Recent attention has been paid to fluid inclusions in surficial minerals for their ability to capture and preserve aliquots of ancient atmospheric gas. Through mechanical or thermal decrepitation, the volatiles trapped in these multiphase inclusions can be analyzed by mass spectrometry, providing direct constraints on the composition of the Earth’s ancient atmosphere. It is often assumed that this measured gas composition reflects directly the atmosphere under which the minerals precipitated. However, when the effects of gas solubility are neglected, the interpreted atmosphere is likely to be erroneous, reflecting a mixture of gas and brine. Here, we present a novel technique and computer code, MAGPI (Method for Atmospheric Gas Partitioning from fluid Inclusions), to partition the atmospheric volatiles between the gas and aqueous phases present at the time of inclusion formation and volatile entrapment.

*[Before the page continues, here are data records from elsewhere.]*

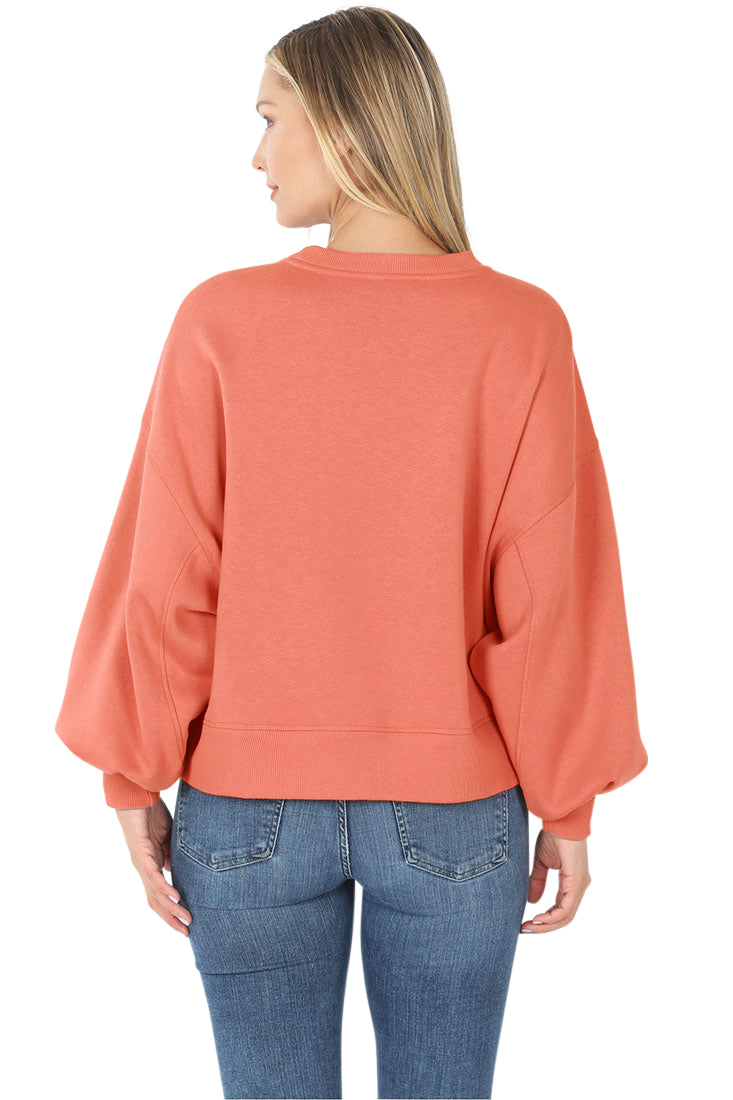 Zenana Balloon Sleeve Crew Neck Pullover Short Sweatshirt - Sweatshirts sb_outerwear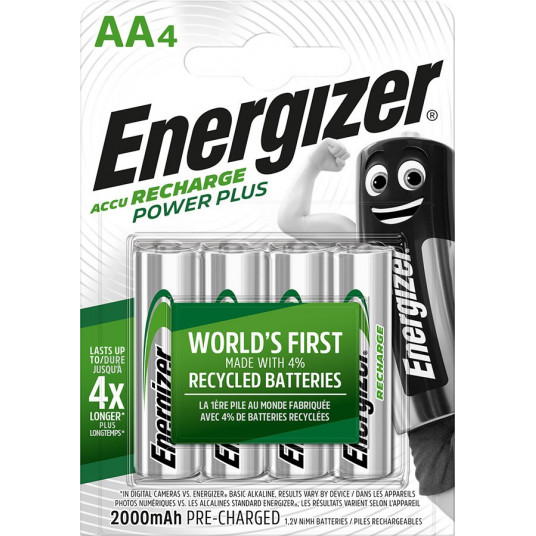  Energizer Accu Recharge Power Plus 2000 AA BP4 Įkraunama baterija Nikelio-metalo hidridas (NiMH) 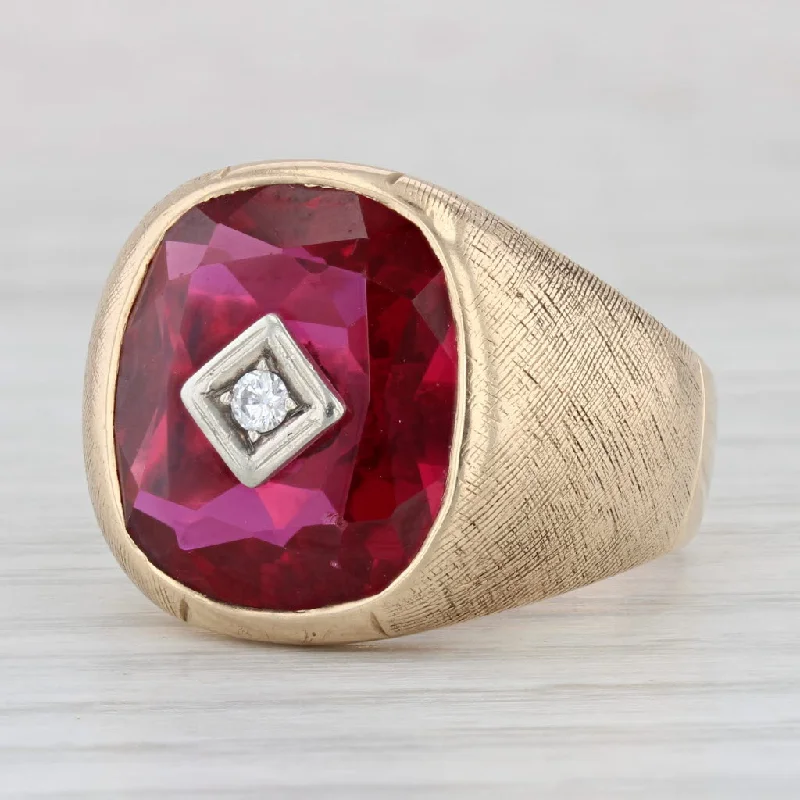 women’s unique solitaire engagement rings-Lab Created Ruby Diamond Ring 10k Gold Vintage Men's Signet Size 10.5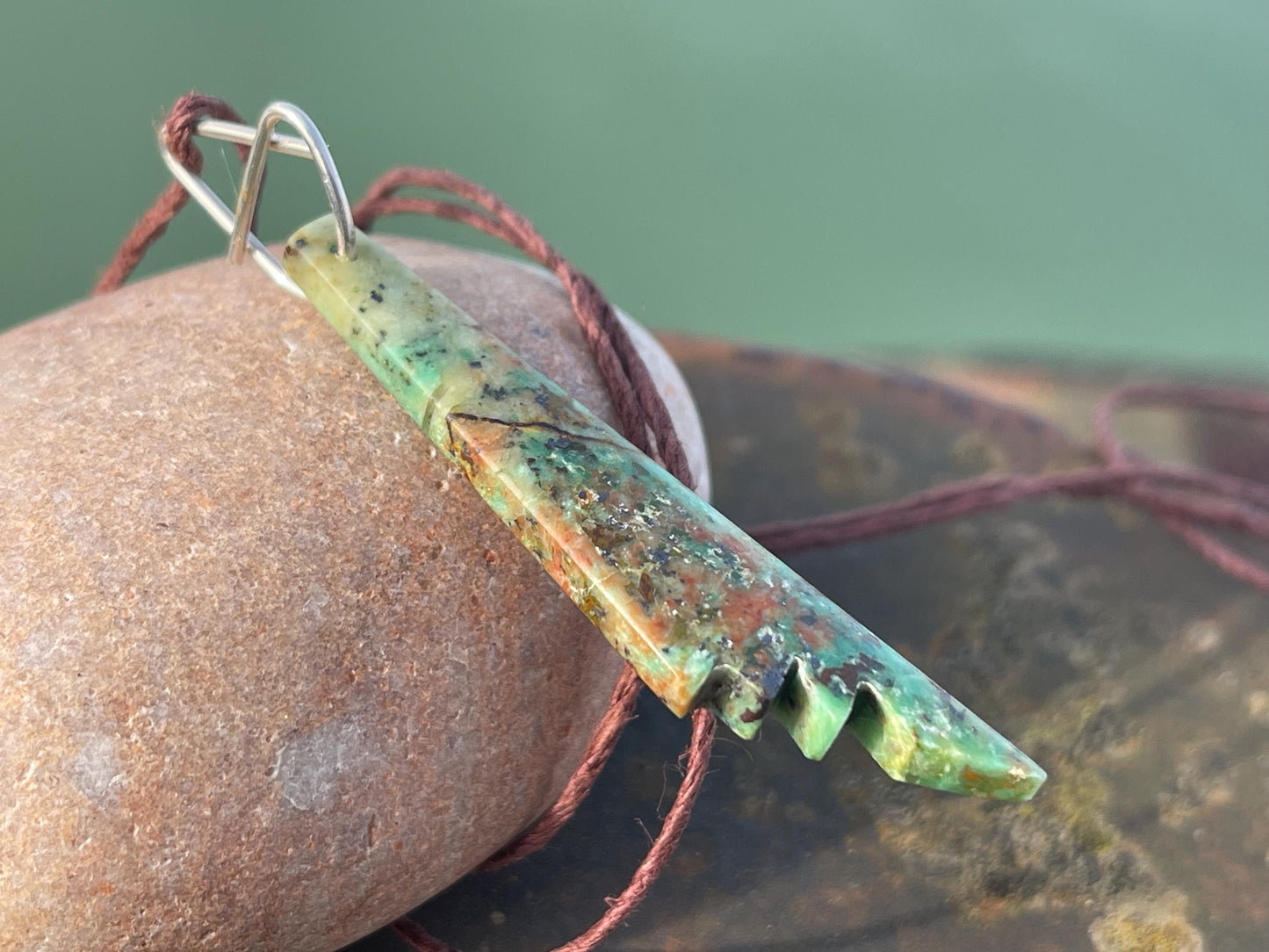 Chrysocolla gemstone necklace on recycled sterling silver. Ethical jewellery, green gemstone. Stunning unique jewellery. Unique gifts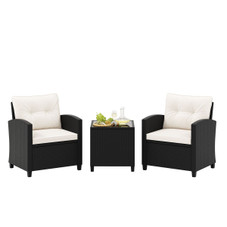 Black Rattan Patio Furniture Set (3 Pieces) product image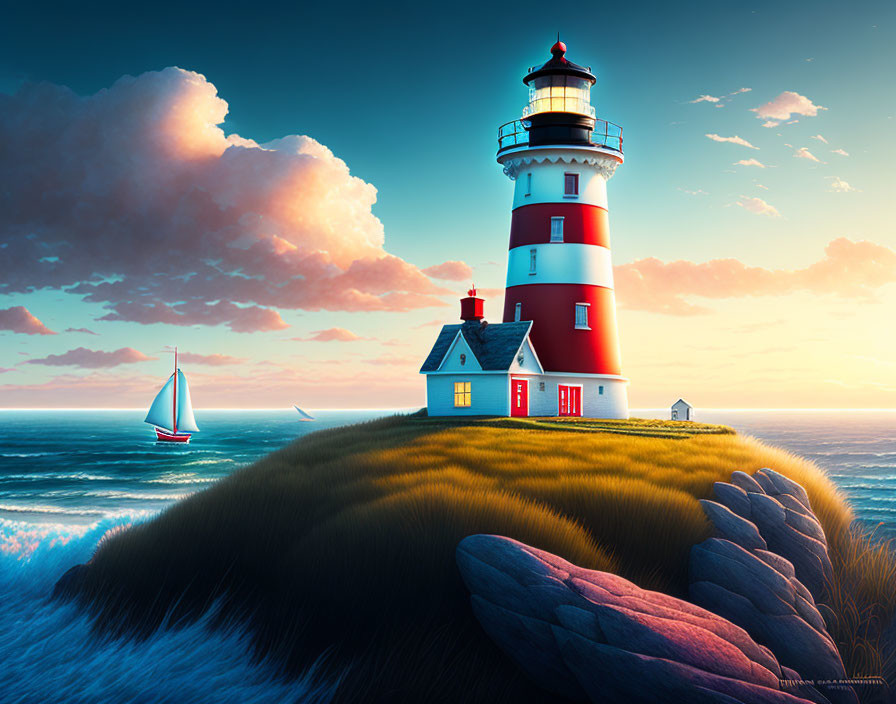 Scenic red and white lighthouse on grassy cliff by sea at sunset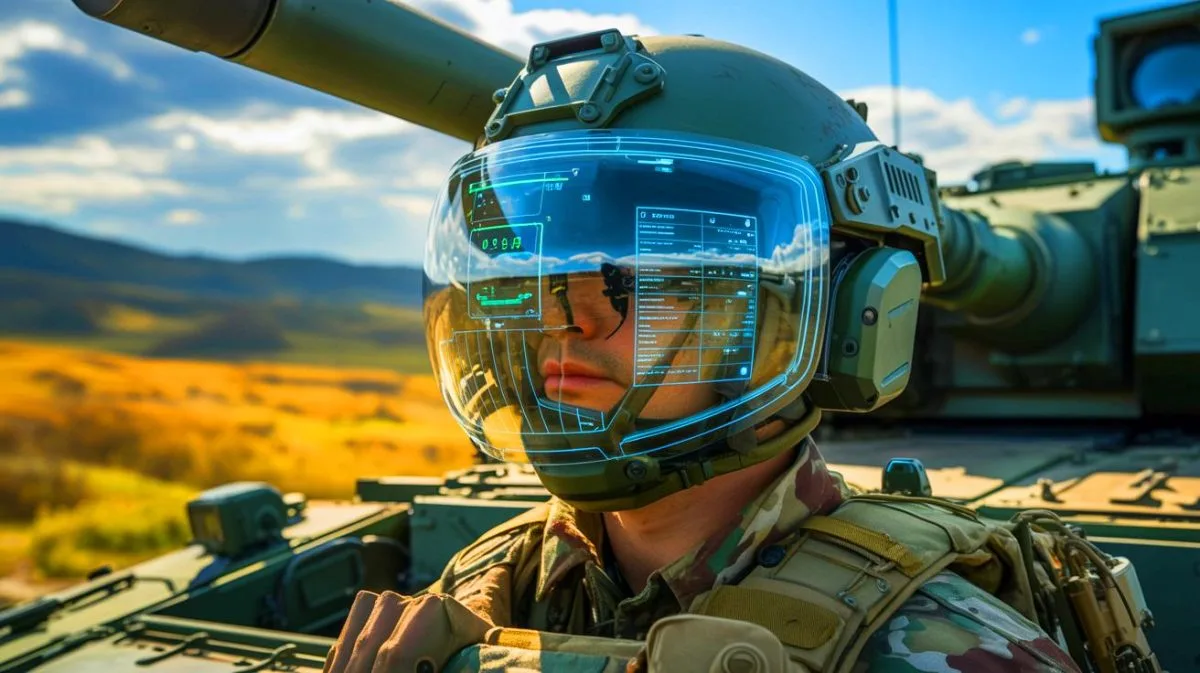 Illustration de casques de réalité augmentée pour équipages de véhicules blindés développés par l'armée chinoise.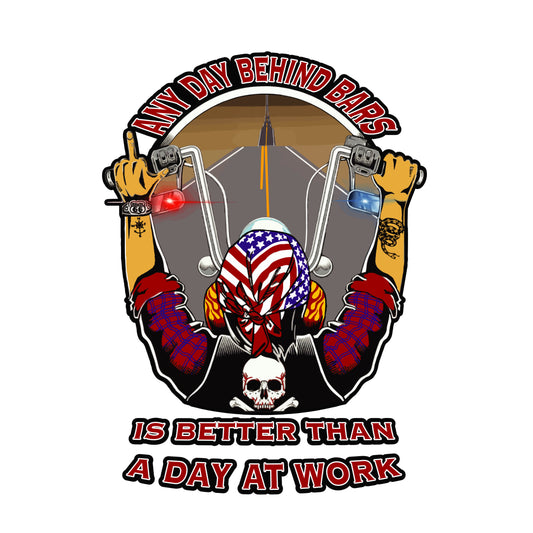Biker A Day Behind Bars, Decal Sticker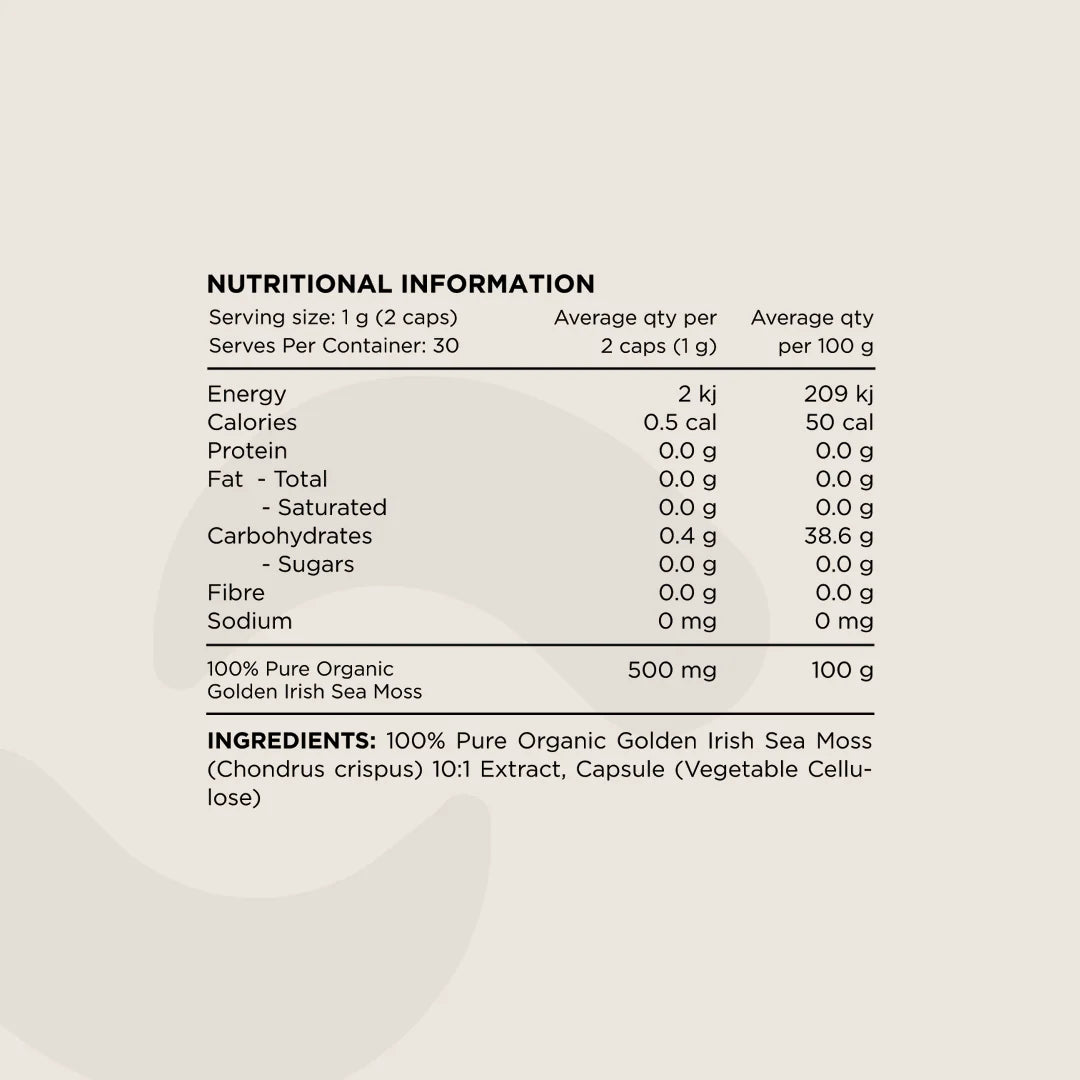 Switch Nutrition Sea Moss 60 Capsules Organic Irish Sea Moss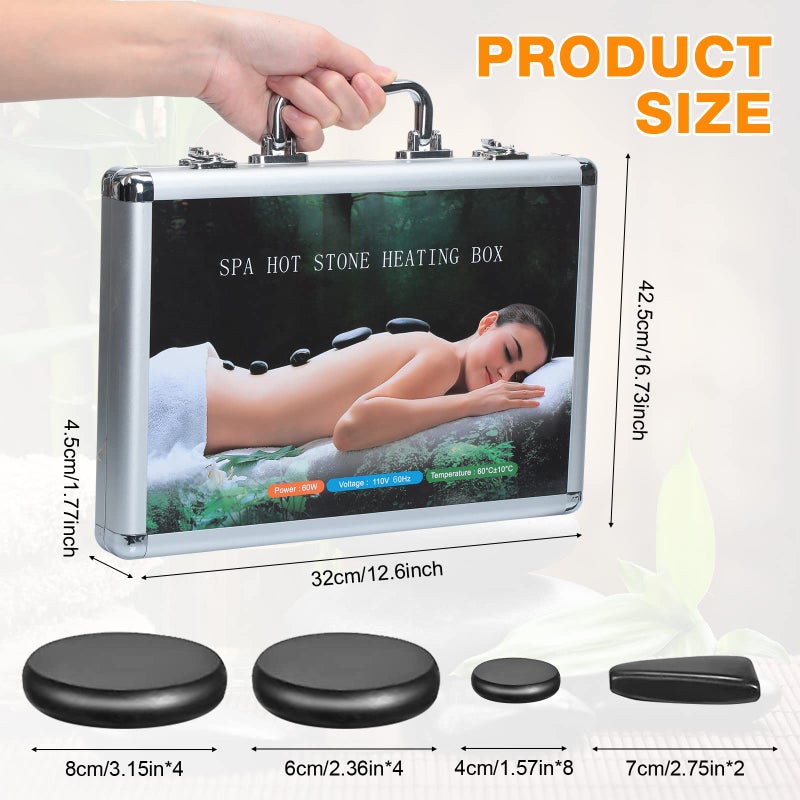 Yunsailing Hot Stones Massage Set 18 Pieces Basalt Hot Rocks Massage Rocks Kit Black Smooth Stones for Professional Home Spa Warming Relaxing Pain Relief(Temperature Constant) - Image 2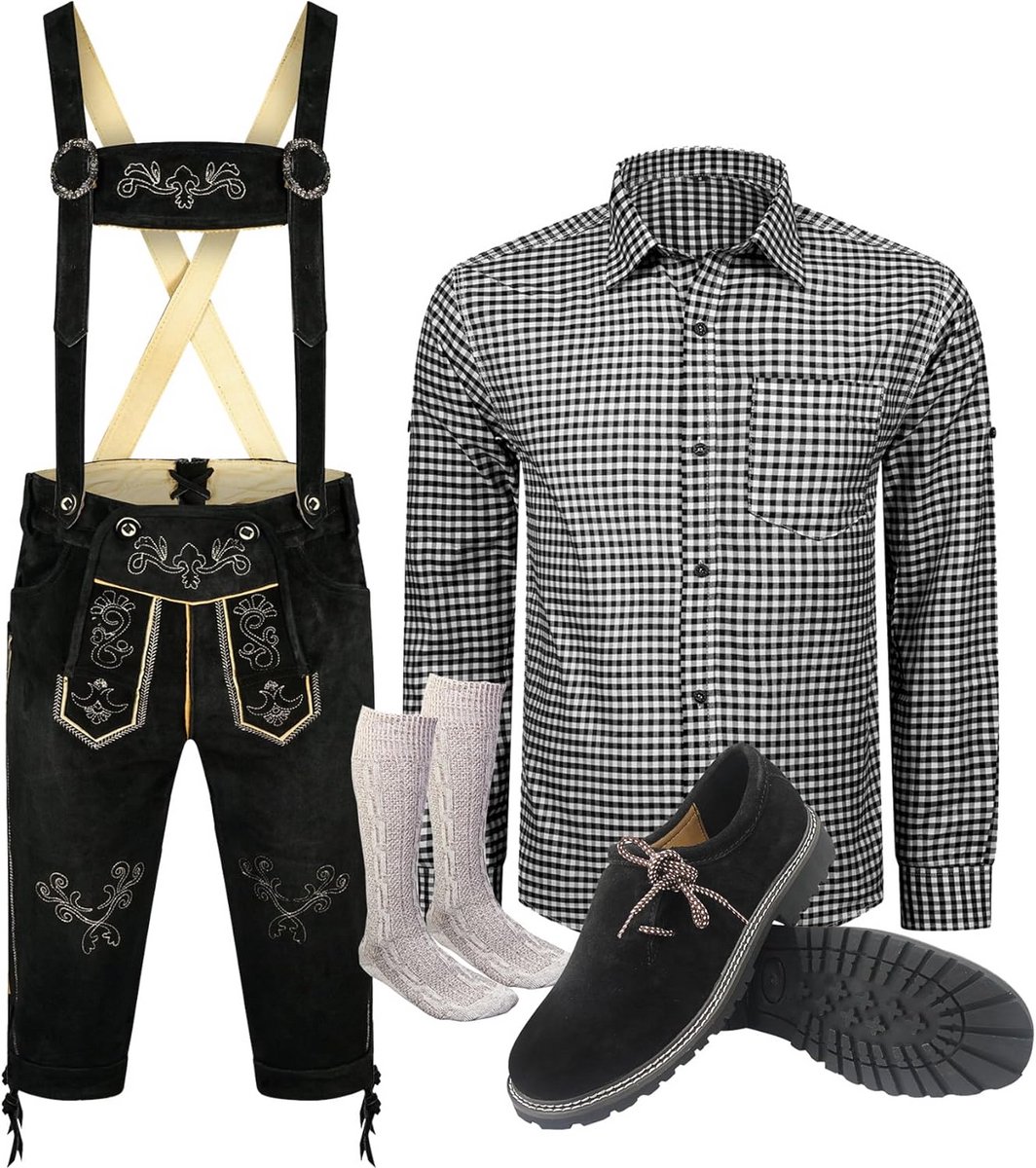 Complete Lederhosen Set voor Heren - Traditionele Klederdracht voor Oktoberfest (Broek, Hemd, Sokken & Schoenen)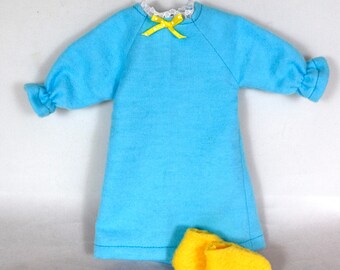 Blue Nightgown & Yellow Slippers - Doll Clothes - Kids Toys - Fits 9 Inch Dolls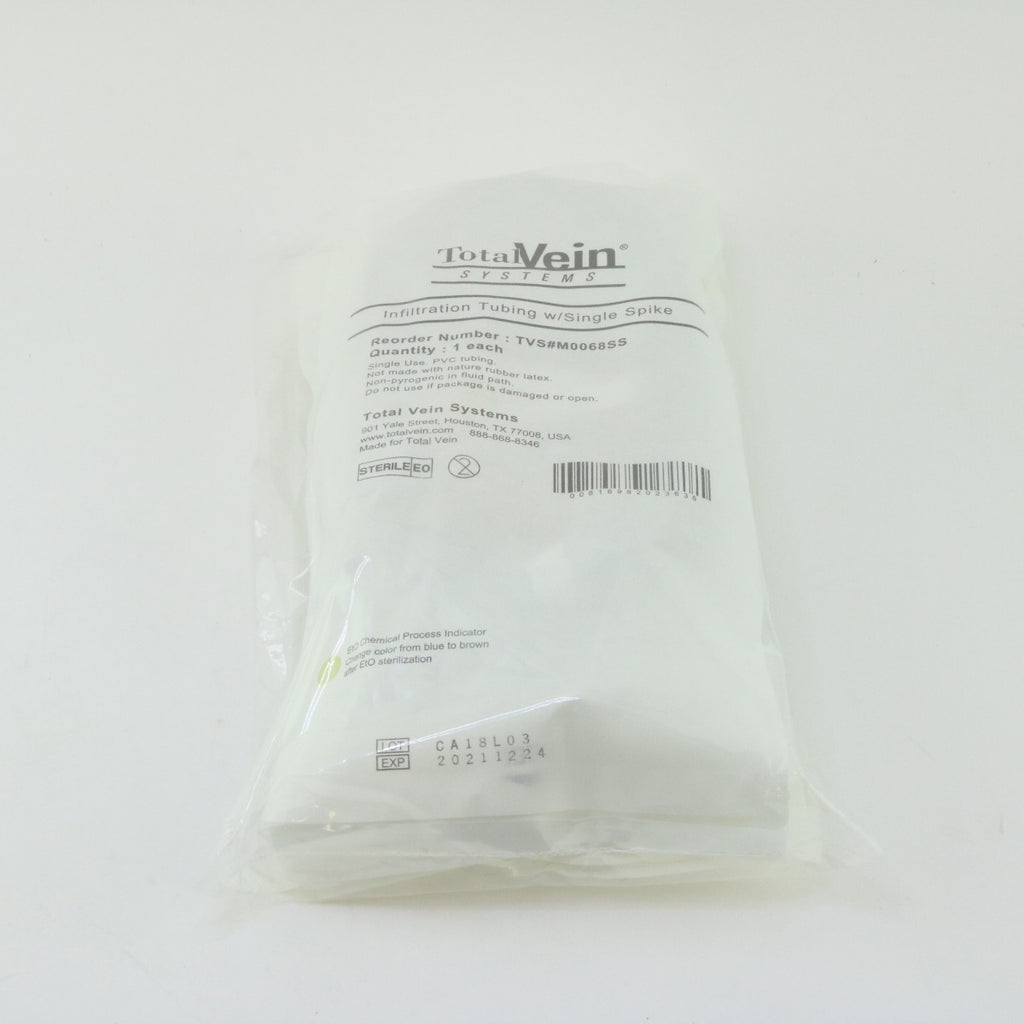 Total Vein Systems PVC Infiltration Tubing w/ Single Spike TVS#M0068SS 5-PACK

The N2/40Ar ratios of the released gases are used to calculate the volume fractions of the gaseous and aqueous phases present at the time of entrapment, which allows the observed gas ratios to be corrected to accurately reflect the composition of the atmosphere under which they formed. We validate our method on contemporary halite fluid inclusions, and then apply it to existing data from a suite of Tonian (815 Ma) halite and gypsum evaporites from the Browne Formation, Australia, and the Minto Inlet Formation, Canada. The results of our partition indicate that the Tonian atmosphere contained 92.83 ± 0.70 % N2, 6.62 ± 0.71 % O2, 0.47 ± 0.01 % Ar, and 0.08 ± 0.07 % CO2, which is consistent with other proxy and model reconstructions of the Neoproterozoic atmosphere. These results demonstrate the importance of phase chemistry in fluid inclusion gas analyses and provide a fundamental framework for future studies of Earth’s atmospheric evolution through inclusion gases.